Chapter5 The dashboard created with Shiny
In these chapters we'll show you the functions that we used to create the application. In the picture below you see the front page of the dashboard.
knitr::include_graphics("dashboard_pictures/instructions_tab.PNG")
5.1 Download function
5.1.1 The working code behind the application.
The download function is called the new download function, because we changed the orginal function to apply to different type of datasets, instead of one. The function should work for text and csv files.
The code below is the function for downloading de GSE dataset. The code is "split" to create a loop, so the entire dataset is downloaded. With "purr" a map is created to store the dataset. This way the dataset can be accessed easily.

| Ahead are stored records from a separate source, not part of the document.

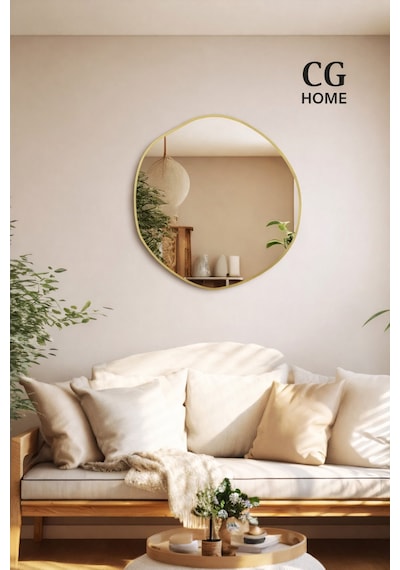 Ant Home Arya Asimetrik Çerçeveli Ayna Modern Dekoratif Salon, Antre Ve Yatak Odası Duvar Aynası Gold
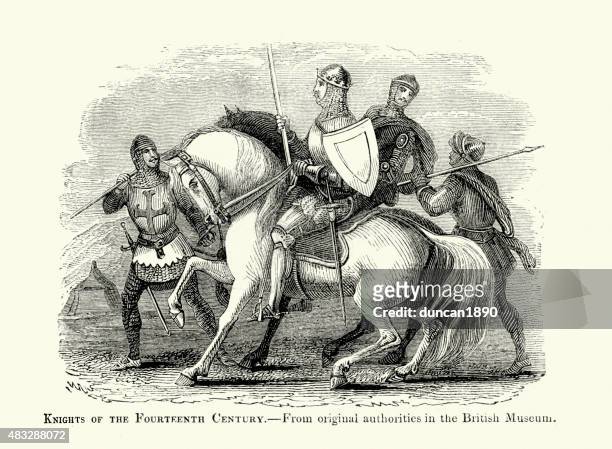 knights of the fourteenth century - hundred years war stock illustrations
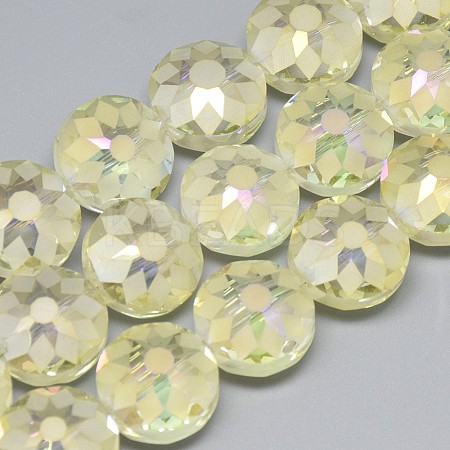 Electroplate Glass Beads Strands EGLA-Q084-12mm-12-1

The last piece of the code downloads the dataset.
create_dir <- function(path) {}
new_download_function <- function(gse_id_number) {
datasets <- strsplit(gse_id_number, split = " ") %>% unlist
full_paths <- file.path(here::here("data"), datasets)
purrr::walk(
full_paths,
dir.create)
data_1 <- map2(
.x = datasets,
.y = full_paths,
getGEO,
GSEMatrix = TRUE,
filename = NULL
)
return(data_1)
}5.1.2 Shiny
5.1.2.1 Server.R
The dataset is downloaded with the new_download function.
gse_id_number <- eventReactive(input$action_gse_download, {
input$txt_gse_download
})
gse_dataset <- reactive({
new_download_function(gse_id_number())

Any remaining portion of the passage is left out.